We found low correlations and substantial differences in the magnitude estimated from outdoor and personal air quality measurements. An important implication for health studies is that relying on outdoor measurements could introduce significant error and bias in health models depending on individual pollutants’ chemical reactivity and strength of local emission sources. The magnitude of the health effects derived from improved exposure estimates is likely to be different than previous estimations using outdoor measurements as metrics of exposure [3]. The extend of misclassification is hard to quantify as it varies significantly with season and location.

Traffic-related pollutants, such as NO2 and PM2.5, are generally highly correlated when measured at coarse spatial and temporal scales, making it challenging to distinguish a causal link between a single pollutant and a specific health outcome [4]. A major advantage of the proposed methodology is that novel sensor technologies enable the collection of personal measurements at high spatial resolution, and therefore significantly reduce the correlation between individual air pollutants observed at monitoring stations.
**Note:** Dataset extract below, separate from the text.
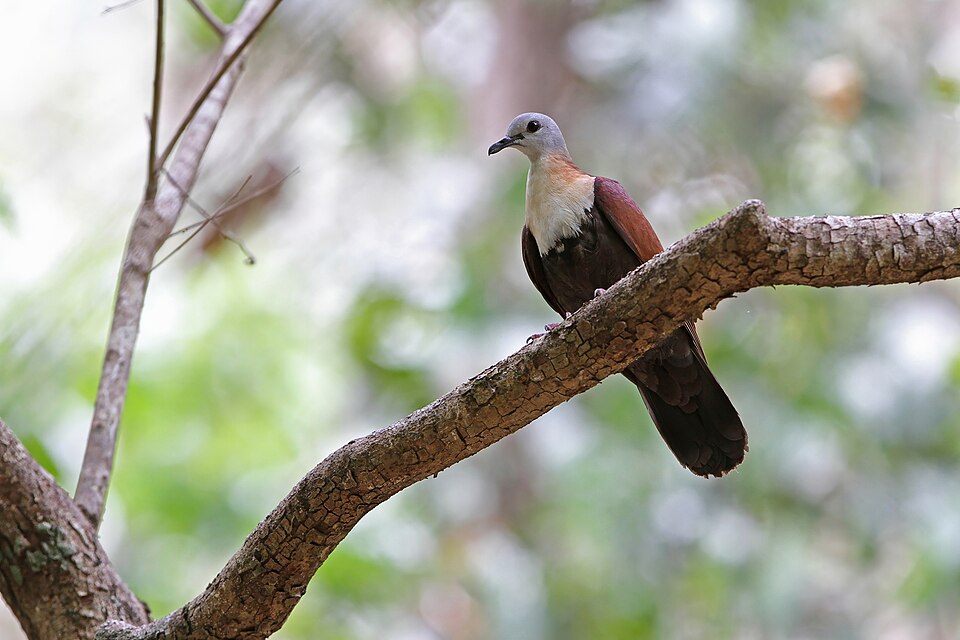 Wetar Ground Dove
Further work matches these estimations with detailed medical biomarkers to draw more reliable associations between air pollution exposure and health impacts [13]. This paper focused on a participant sample with specific personal and socio-economic characteristics that resulted in generally low physical activity. However, the demonstrated approach is applicable in diverse geographical settings and subgroups. The expectation is that the dose misclassification will likely be larger in subpopulations that are more physically active, such as children, increasing the importance of the proposed methodology in disentangling the complex mechanisms of health risks and individual susceptibility to air pollution.